Re: [EXTERNAL] Re: [Questions] KafkaIO SplittableDoFn offset managment

Posted by Jean Wisser <jw...@flowtraders.com>.
Hey John,


There is something I am not sure to understand about the statement you made previously:

For your second question, a single partition can only be consumed by a single worker, so there is no issues with committing offsets in the correct order.
This is because the unit of parallelism in Kafka is the partition, so KafkaIO is currently designed to work within that space.

From the beam documentation (https://beam.apache.org/blog/splittable-do-fn/), it is stated that:
Splitting produces a primary and residual restriction that add up to the original restriction being split: the current@ProcessElement call keeps processing the primary, and the residual will be processed by another@ProcessElement call. For example, a runner may schedule the residual to be processed in parallel on another worker.

Doesn't that mean that if the first restriction is from offsets [100, 150), the next restriction [150, 200) can be scheduled on a different worker ?


Thanks for your help.

Jean.

Jean Wisser
Data Engineer

[https://www.flowtraders.com/sites/flowtraders-corp/files/images/flow-traders-logo-mv.png]

Flow Traders B.V.

T: +31 20 799 6497
F: +31 20 799 6780

Jacob Bontiusplaats 9
1018 LL Amsterdam
Nederland
www.flowtraders.com<http://www.flowtraders.com>

________________________________
From: Jean Wisser
Sent: Tuesday, June 7, 2022 11:31:44 AM
To: user
Subject: Re: [EXTERNAL] Re: [Questions] KafkaIO SplittableDoFn offset managment


Hey John,


As suggested, I have created the following issue to track that: https://github.com/apache/beam/issues/21730

Unfortunately I don't have a simple test pipeline, but I think the fix should be straightforward and the same as you did inKafkaCommitOffset.

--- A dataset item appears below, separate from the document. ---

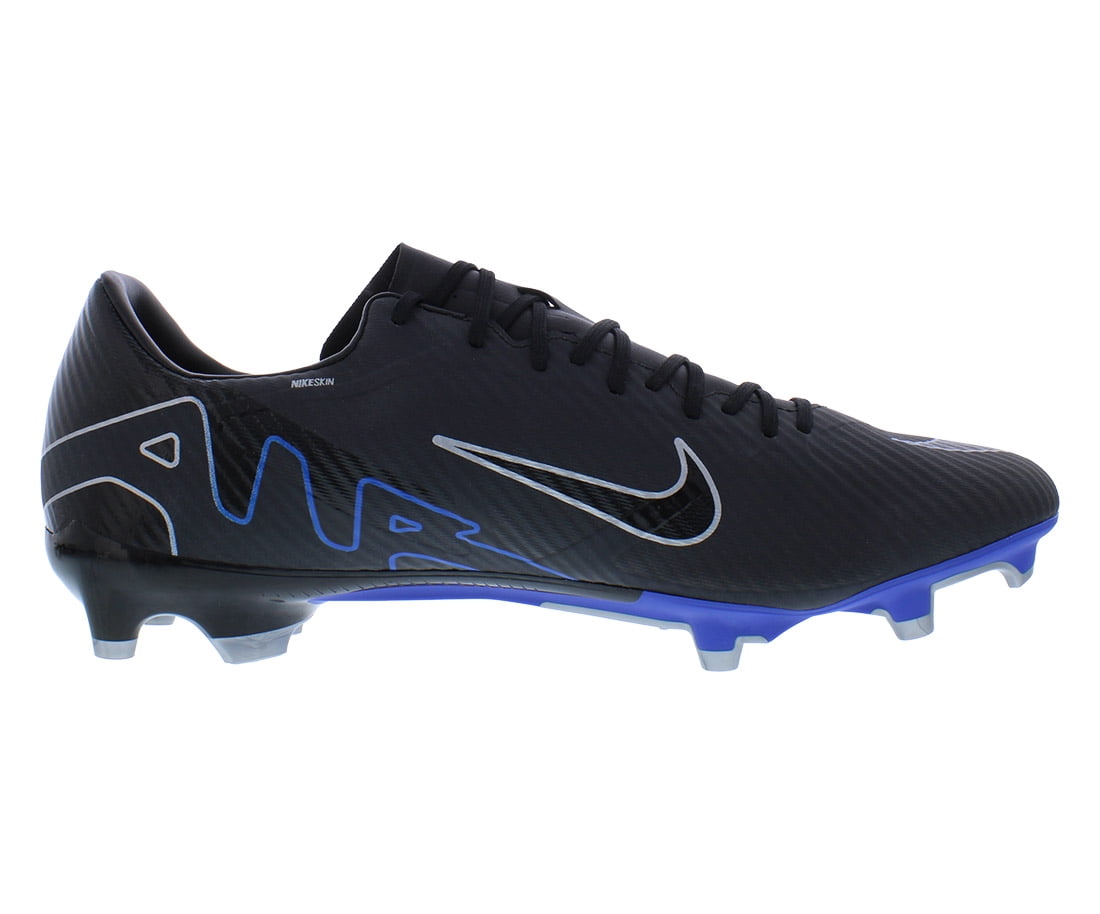 NIKE Men's Football Shoe, Black Chrome Hyper Royal, 8.5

I have actually tested myself by fixing the consumer name in initialRestriction() and it is able to get the latest committed offset.


Thanks,
Jean.

[Bug]: KafkaIO SplittableDoFn not resuming from last committed offset · Issue #21730 · apache/beam · GitHub<https://github.com/apache/beam/issues/21730>
github.com
What happened? Using KafkaIO with ReadFromKafkaDoFn.java and commitOffsetsFinalize should commit offsets of processed messages and if the pipeline is restarted, should resume from the last committed offset. While committing the offset wo...

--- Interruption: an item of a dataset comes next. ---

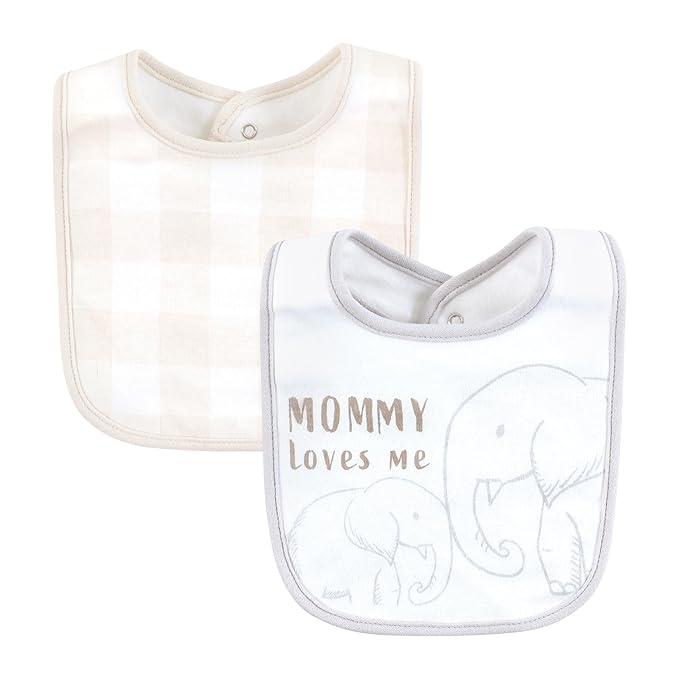 Hudson Baby Unisex Baby Cotton Bib and Sock Set, Little Peanut, One Size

________________________________
From: John Casey <jo...@google.com>
Sent: Monday, June 6, 2022 10:24:20 PM
To: user
Subject: Re: [EXTERNAL] Re: [Questions] KafkaIO SplittableDoFn offset managment

The bugs I fixed were primarily focused on committing back to Kafka, so it may be that there is a similar issue with generating the initial restriction.

Looking at the code, restriction tracking does something similar.

This does sound like a bug to me. Could you raise this as an issue on Github? https://github.com/apache/beam/issues<https://urldefense.com/v3/__https://github.com/apache/beam/issues__;!!Oya6xDjLWA!1qAGJzOsuOjX-lB2xxqC8MrPQiYpJB8lHmqUBBoJ9hAjA3PG1jIgK7_5eCqK_J_gpubmEtogKPwzki5sZCNeN_Q$>
If you have a trivial pipeline that reproduces this, that would be very helpful as well.

Thanks,
John

On Mon, Jun 6, 2022 at 4:06 PM Jean Wisser <jw...@flowtraders.com>> wrote:

Hi John,


Thanks for your answer.

I have tried using the latest version 2.39.0.

While I see the consumer group in KafkaCommitOffset is now correct and I see offsets being committed to kafka, each time I restart the pipeline it still start again from the first offset and not the latest committed.

I guess the reason for that is because in ReadFromKafkaDoFn in theinitialRestriction(), the consumer has still a different name (prefixed with "initialOffset").

Am I doing something wrong ?


Thanks,

Jean.

________________________________
From: John Casey <jo...@google.com>>
Sent: Monday, June 6, 2022 8:19:22 PM
To: user
Subject: [EXTERNAL] Re: [Questions] KafkaIO SplittableDoFn offset managment

CAUTION: This Email is from an EXTERNAL source. Ensure you trust this sender before clicking on any links or attachments.
Hi Jean,

I recently resolved some bugs involved in committing offsets to incorrect group names, and those fixes should be available in the most recent version of beam (2.38).

For your second question, a single partition can only be consumed by a single worker, so there is no issues with committing offsets in the correct order.
This is because the unit of parallelism in Kafka is the partition, so KafkaIO is currently designed to work within that space.

John

On Mon, Jun 6, 2022 at 1:04 PM Jean Wisser <jw...@flowtraders.com>> wrote:

Hi,


I am trying to use KafkaIO with the new SplittableDoFn, but I am having trouble understanding how offset management is supposed to work (using beam version 2.36.0).


- In the comments of ReadFromKafkaDoFn it is stated that the initial range for KafkaSourceDescriptor startOffset can take the value of the {@code last committed offset + 1} for the {@link Consumer#position(TopicPartition).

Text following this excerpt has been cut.